Silicon's successor lurks in the lab
Published: 20 Oct 2003 16:05 BST
Such confined dimensionality means that nanotubes can conduct heat better than any other material ever discovered, including diamonds, and could even be used to transfer energy in homes or between power stations. Tubes can also be used to carry light, enhancing or replacing optical fibre.
In chips, nanotubes could lead to transistors that switch off and on much faster than today's silicon variety.
Appenzeller said it is impractical to compare their performance to silicon transistors because researchers have only tested how single nanotubes work. Still, the early results are very promising, he noted, and the same basic transistor structure can be used.
"You just replace, ideally, hypothetically, the access device with a nanotube. The source, the drain, the architecture is the same," Appenzeller said. One-dimensional objects can be formed from other materials, such as boron nitride, but carbon has been studied the most so far.

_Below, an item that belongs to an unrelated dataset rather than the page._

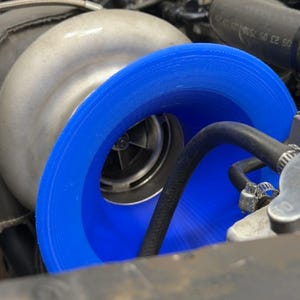 May include: Close-up of an engine component featuring a silver-colored turbocharger with a bright blue intake. Black hoses and various engine parts surround the turbocharger, creating a detailed view of the engine's mechanics.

While nearly everyone agrees that carbon won't likely appear in chips or fiber for several years, other products in the near term are likely to take advantage of nanotubes' electrical properties.
Several companies are looking at ways to use nanotubes in TVs, liquid crystal display monitors and plasma screens for 2005. In traditional TV sets, electron guns shoot electrons at the screen, which must be 18 inches away. LCDs and plasma screens don't require electron guns, but the manufacturing process required to implant the glass with circuitry costs billions.
Nanotube monitors would be thinner than LCDs and far cheaper to make. The tubes can be mixed into a paste and printed onto glass. Hyperspecialised facilities wouldn't be needed.
"It is amazingly simple," Pitstick said. "You put nanotubes in ink and print them down."